I’ve long argued that companies do not have a duty to avoid tax, or maximise profit come to that so it’s good to note that the Queen’s lawyers agree. The Guardian has noted this morning that:
Britain’s business leaders will be sent advice on Monday from a top law firm warning them they cannot claim it is their fiduciary duty to shareholders to avoid tax.
The legal assessment from Farrer & Co, which numbers the Queen among its clients, states: “It is not possible to construe a director’s duty to promote the success of the company as constituting a positive duty to avoid tax.”
Farrer says company directors have a wide discretion when calculating the social impact of their decisions. If they choose to pay tax responsibly, they would in fact be protected by the applicable law rather than at risk of liability, it explains.
I’m pleased that they agree with my assessment – something that David Quentin, a tax barrister who was involved in drafting the legal opinion has confirmed to me.

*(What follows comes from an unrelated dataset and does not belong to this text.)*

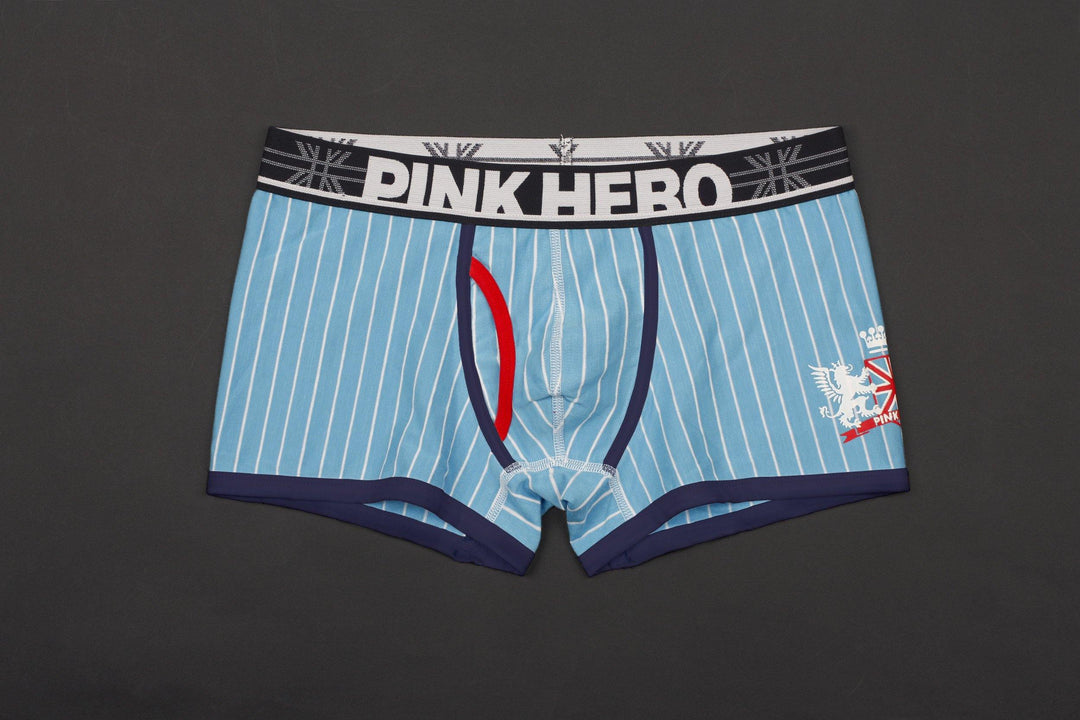 PINK HERO Low-Rise Trunk Boxer - BEEMENSHOP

He also agrees with me on the motive for much corporate tax avoidance, when suggesting that many companies were sometimes pursuing self-interest when tax avoiding:
Board-level executives often benefit from performance-related reward packages which are indirectly affected by the amount of tax the company pays. Corporate tax avoidance is presented as a matter of high-minded ‘fiduciary’ duty, but it is probably better understood as being about personal reward.
The Tax Justice Network is sending the opinion to all FTSE 100 companies today. I hope they take note.